Burlington Progressives, in power for all but two of the past 30 years, “should be the natural ally of cyclists,” but their party has instead proved itself “clueless” in regard to alternative transportation, Vivanco says. “It’s just astonishing to me,” he continues, “that their vision is pretty much to get people to go to Good News Garage.” Mayor Bob Kiss, Vivanco notes, drives a pickup truck the mile between his home and Burlington City Hall.
The political consciousness is not so backward in Boulder, Colo., Berkeley, Calif., or Portland, Ore., Vivanco points out. Those similarly hip and student-influenced cities have been much quicker than Burlington to encourage a mode of transport that doesn’t pollute or promote uglification via suburban sprawl.
Led by former Progressive City Councilor Chapin Spencer, Local Motion takes a polite approach to lobbying and urges self-propelled road users to obey rules originally written for motorized vehicles. Some local cyclists are more confrontational in their politics and more reckless in their riding style. These rolling radicals argue that stopping at traffic signals and keeping to the right means surrendering to the logic of the automobile and to the privilege of drivers, who some cycling militants denounce as “climate criminals.”
Vivanco has a certain sympathy for that point of view, noting “roads were laid out for the purpose of industrial mass mobility.” It’s true, he says, that “one does have to integrate with that system and all it represents when one gets into a car.” Many cyclists, whether weekend pleasure pedalers or everyday, anarchic road warriors, do come to regard cars as inherently violent as well as menacing. They notice, in Vivanco’s words, “all the shit that cars leave on the road and that winds up being washed into the lake.”
In his writings on biking’s history and contemporary status, Vivanco applies the precept of “cultural estrangement,” which, he says, “anthropologists bring to everything they study.” Critical consideration enables an observer to question why it’s “natural” to get into a car, and why streets — and, indeed, entire metropolitan areas — are designed to accommodate one-ton, steel-and-plastic shells powered by fossil fuels.
But Vivanco doesn’t entirely side with those who furiously reject cars and what they’ve done to the world. He’d be a hypocrite to take such a position, considering that he drives a Volvo station wagon at least a couple of days a week. (Vivanco’s 9-year-old daughter, however, takes a more uncompromising stand, refusing to ride in the Volvo and insisting on biking or walking to Edmunds Elementary regardless of the weather.)

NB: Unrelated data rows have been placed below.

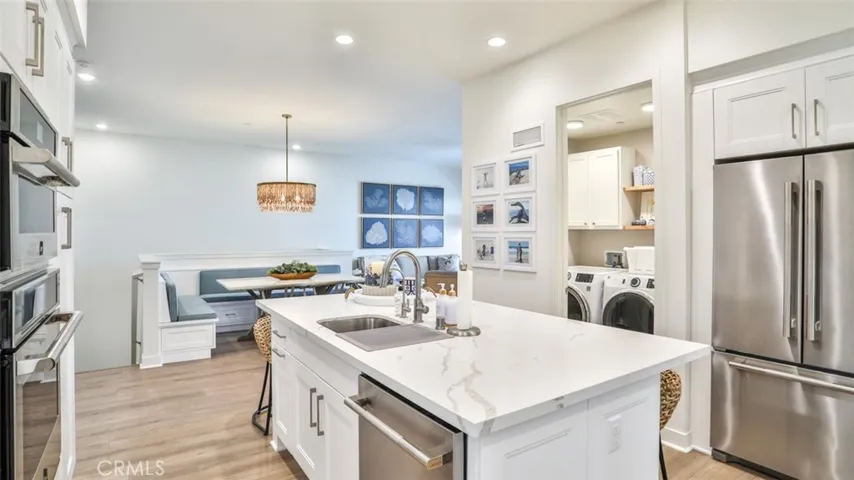 Kitchen with everything you need to enjoy your stay.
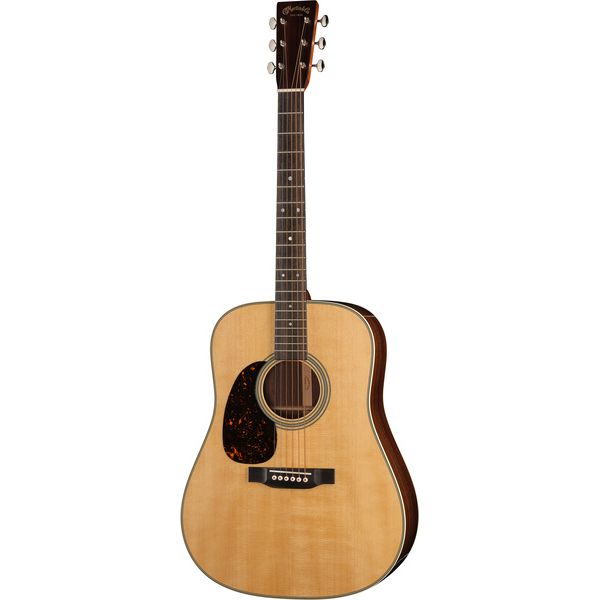 Martin Guitar D28 LH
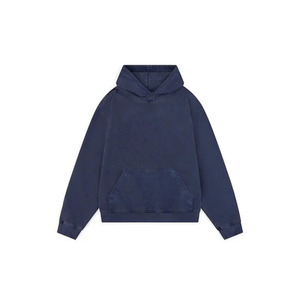 Sudaderas con Capucha Extra Grandes Unisex de Primera Calidad al por Mayor, para Invierno, 100% Poliéster, Diseño Personalizable, Forro para Correr y Hacer Ejercicio - Product Image 1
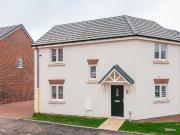 3 bedroom house to rent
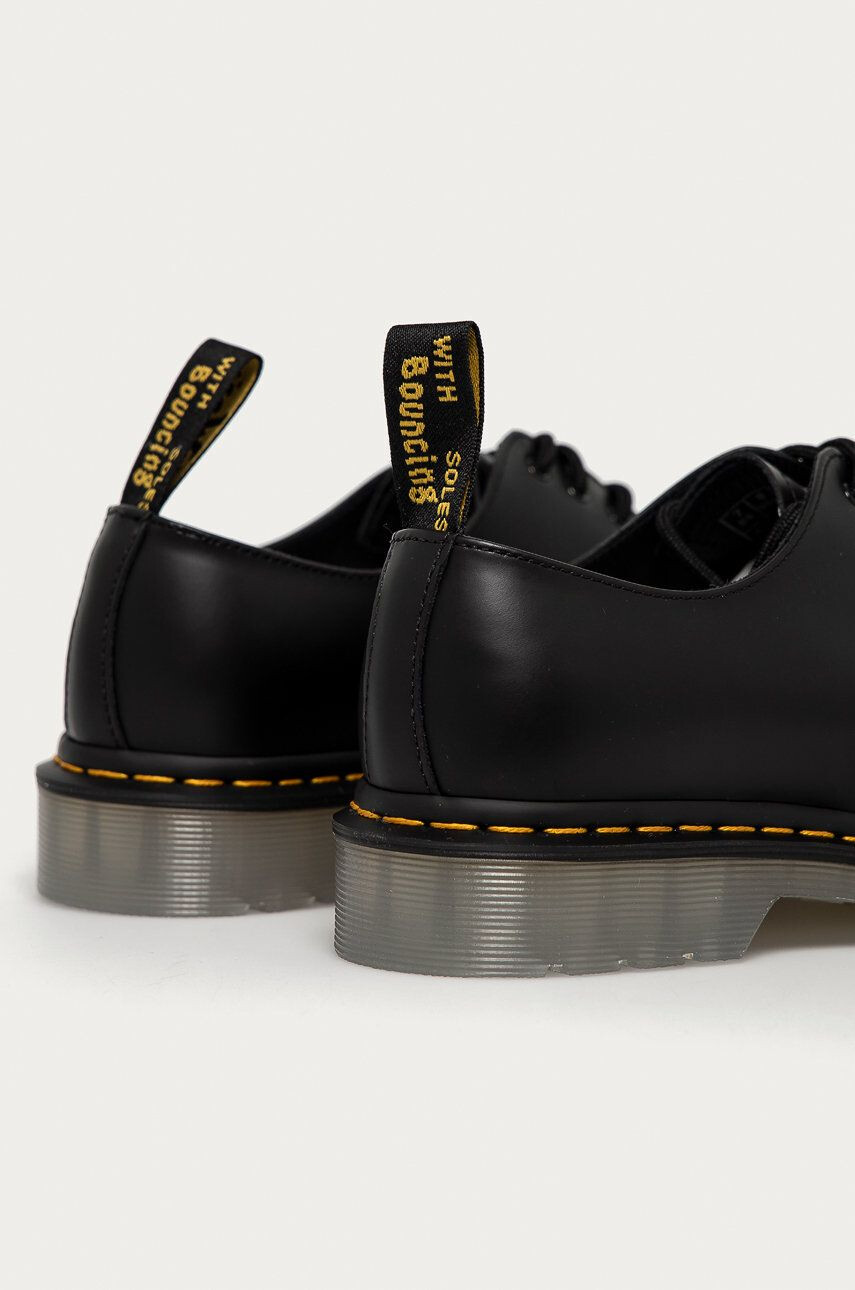 Dr. Martens Kožené poltopánky - Pepit.sk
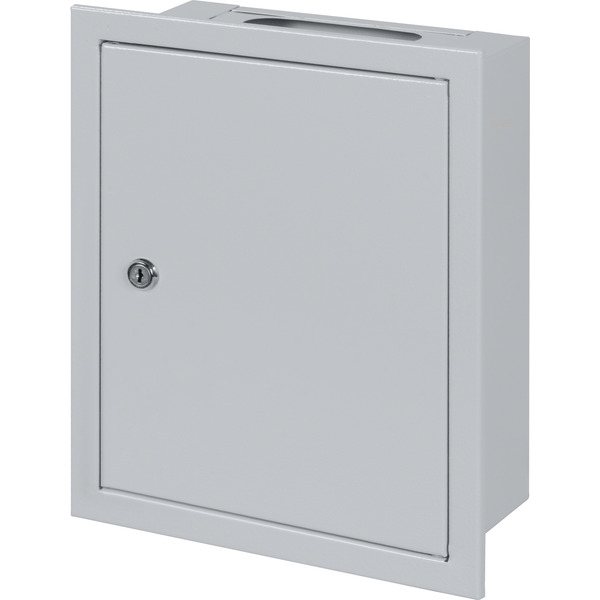 Корпус металлический TDM ЩРВ-24 (345х280х120) SQ0905-2711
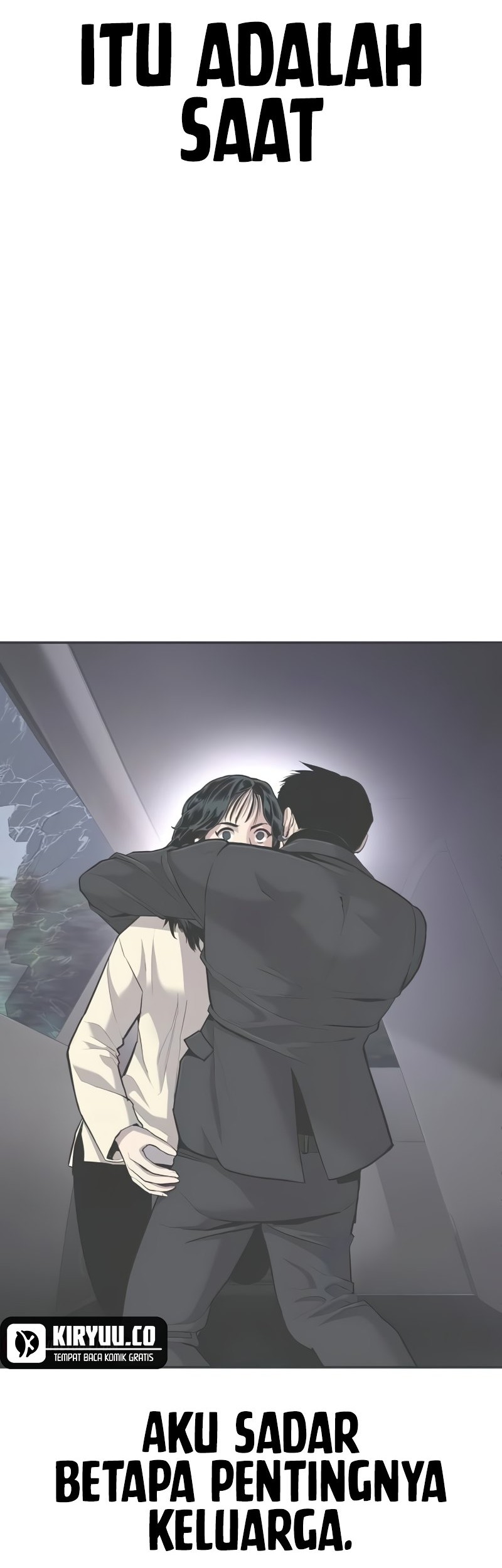 Manager Kim Chapter 155 - halaman 129
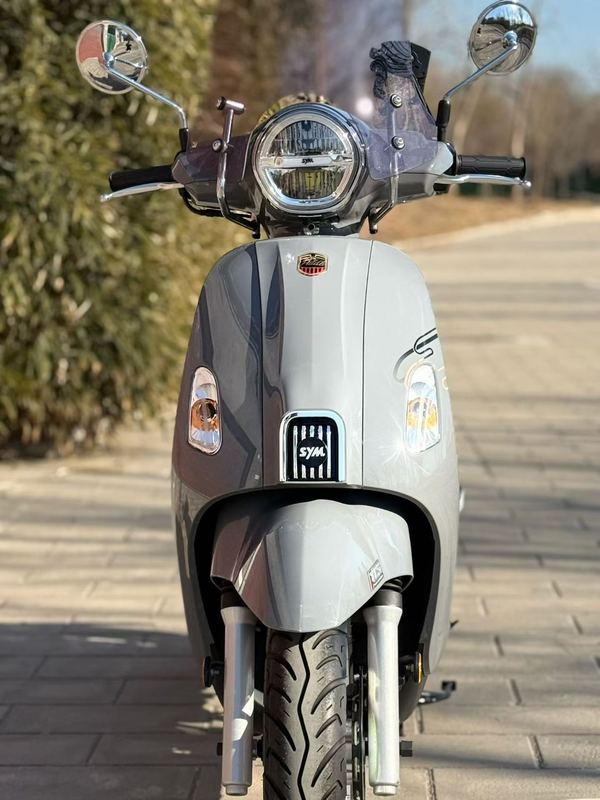 二手三阳飞度 Fiddle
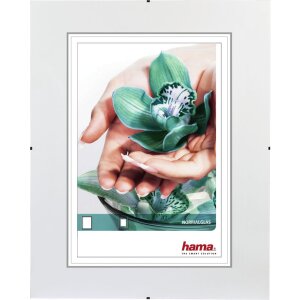 Supporto per quadri senza cornice Hama fino a 70x100 cm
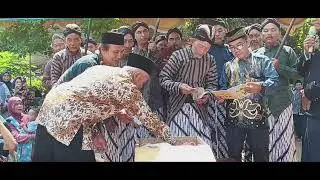 Kirab Pusaka & Ageman "ADIPATI AYAH" P 1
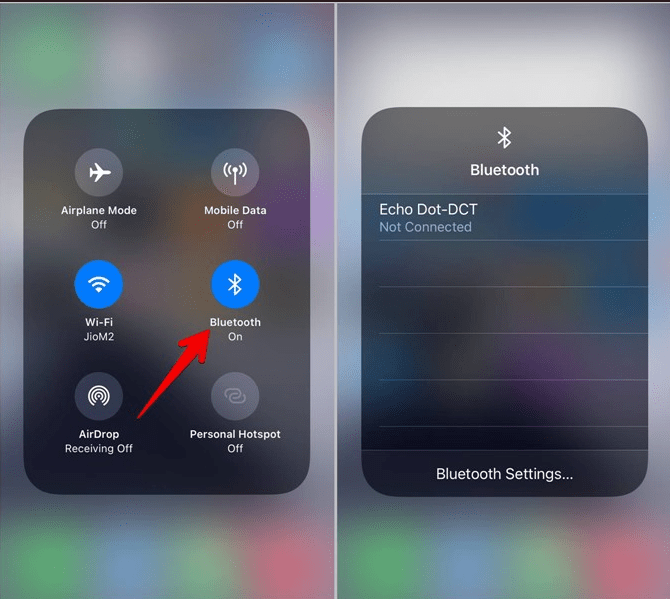 How to Fix Bluetooth Devices Not Connecting to iPhone? 4 iPhone Bluetooth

The pedaling prof also brakes at lights and stop signs, explaining that he aims to cycle in a “consistent and predictable manner” so cars will keep a safe distance. It’s a style that’s helped protect Vivanco from injury throughout the thousands of miles he’s spun. Defensive cycling has also insulated him from the potential rage of drivers late for work. Motorists never yell at him, Vivanco reports.
What’s his main motive for mounting up at every opportunity? And is cycling something almost everyone can come to appreciate?
“It’s mostly about feeling good,” Vivanco says — culturally and politically, as well as physically. Pedaling at a 10-miles-per-hour pace along city streets enables him to “interact with my community while moving at a pace my brain can handle.” There’s a planetary as well as a local dimension to cycling, Vivanco adds.
His book examines that big picture from an anthropological perspective. Bikes are “globalized commodities” used in every human society, he says, pointing out that in one recent year, far more bikes than cars were manufactured worldwide: 130 million versus 70 million. Understanding bicycling’s resurgence, as well as its transformative potential, “requires exploring bikes’ histories and transnational contexts,” Vivanco writes. His book sets out to achieve that, while it certifies his status as the pacesetter for an anthropology of bicycling.